Marrone affected a deep sigh and rolled eyes toward the ceiling. “What is any of it all about? Life, eh?”

That just hit Luke wrong. Suddenly, he’d had enough. Enough of Marrone, enough of all his angles, his plans within plans. Enough of having to think like a damned pretzel to keep up, keep ahead.
Enough of being alone and lonely…
Enough of every damned thing. Elias could negotiate his own truce. He shot to his feet.

“If you’re going to feed me the usual bullshit, I’ll be on my way.”

“Steel, wait.” Marrone put up one slim-fingered hand.

Luke was already at the door, accessing his blood-location sense. If he hurried, he could catch up to Alexis before she left…not out of any need to see her, to touch her…sure, okay, he was lying to himself, but he also had a duty, simply to make sure she got off safely.

Behind him, Marrone said, “Don’t go. I think we have much in common. I know we have much to discuss.” The location of his voice changed slightly, as if he’d risen and come out from behind his desk.

But Luke was concentrating on Alexis. Strangely, when she pinged on his senses, she wasn’t as far as he expected. She was in the foyer and stationary.

Perhaps getting more water samples. Luke was curious why, but his protective instinct overrode curiosity, and he realized if he left now to catch up with her, Marrone might have the leisure to detect her via security cameras or other means. Better the male didn’t know what she was up to. Marrone’s idea of interrogation was along the lines of strip-mining.

Luke spun so fast that Marrone, sneaking up on him, actually put up both hands as if warding off a blow.

“Does this mean you’re amenable?” The male grinned to cover but left his hands raised.

“It means I’ll listen to what you have to say.” Luke stalked past Marrone to the corner conversation area and sat in the tallest chair. He had to force himself to relax, to ease into his insouciant personality. What was automatic for his brother was studied for him, at least since the attack that left his wife dead.

He toyed with a small sculpture on the end table nearest him. “Why BlooDrug? My five-year-old niece could come up with a better name.”

“She hasn’t inherited the family propensity to pun? How unfortunate.” Marrone set Luke’s glass on the table beside him and slung himself into a chair opposite.

“What pun is bloodrug?”

“What you sweep blood under, naturally.”

“Not much of a pun, either.”

“Isn’t it?” Marrone shrugged, then held up his glass. “Then let’s hope I’m better at negotiation. To making peace.”

Luke grabbed the glass on his side and lifted it. “Making peace.” He tipped it toward the other male and brought it to his lips.

After surreptitiously filling a second sample tube from the drinking fountain and a third from the waterfall and pausing to label all three with my felt-tip pen, I hurried to the parking lot.

I was in my car and about to drive off in relief when another thought hit me. On arrival, I’d been overwhelmed with the forty-story office building. Forty floors, not thirty-nine.

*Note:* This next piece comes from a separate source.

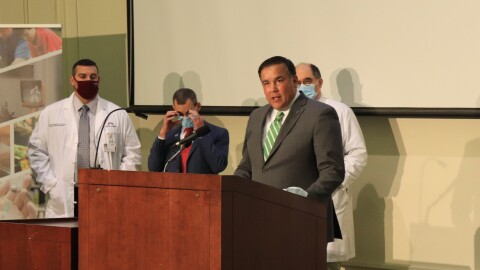 Mayor Andrew Ginther at a press conference on October 26.
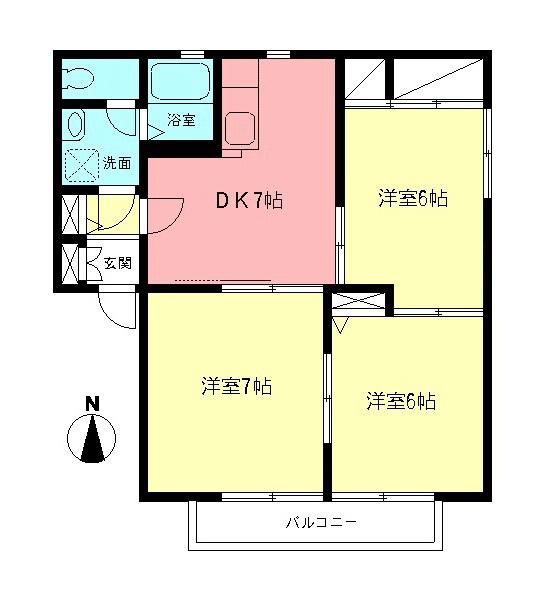 エクシード湘南C(3DK/2階)の間取り写真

I wanted to get out of there. I didn’t want to stop, to take the time to double check my faint suspicions. Obviously, I’d simply made a mistake estimating. No reason to think everything else, elevator, suite numbering and Marrone, were wrong, especially when balanced against my quick appraisal. I was only one floor off.

But something, maybe thin-slicing again—certainly not the vague, disturbed feeling in my middle—made me get out of the car.

I shielded my eyes against the sun and counted. Twice.

Forty stories. And the elevator only had thirty-nine floors.

One floor was missing.

Chapter Ten

All my nerves went on alert, so high that fine hair raised all over my body and my skin prickled like I was mid-swarm in stinging bees.

Luke was inside that building. Alone with Marrone, alone with his drugs, in a tower with a missing floor.

The sense of wrongness that washed over me flooded in so strongly it goosed me to slam the car door and run back toward the building.

I wanted Luke out. Safe.

Even as I ran, I was appalled with myself. I don’t know if I was more disturbed by the strength of my feelings, by my acting on the feelings, or by Luke meaning so much to me in such a short time. Didn’t stop me from going back. Nerves goosed me until I was panting. When I got inside, I had to consciously slow to a hip-churning walk, racing to the back. To the elevators, and more importantly, the fire alarm.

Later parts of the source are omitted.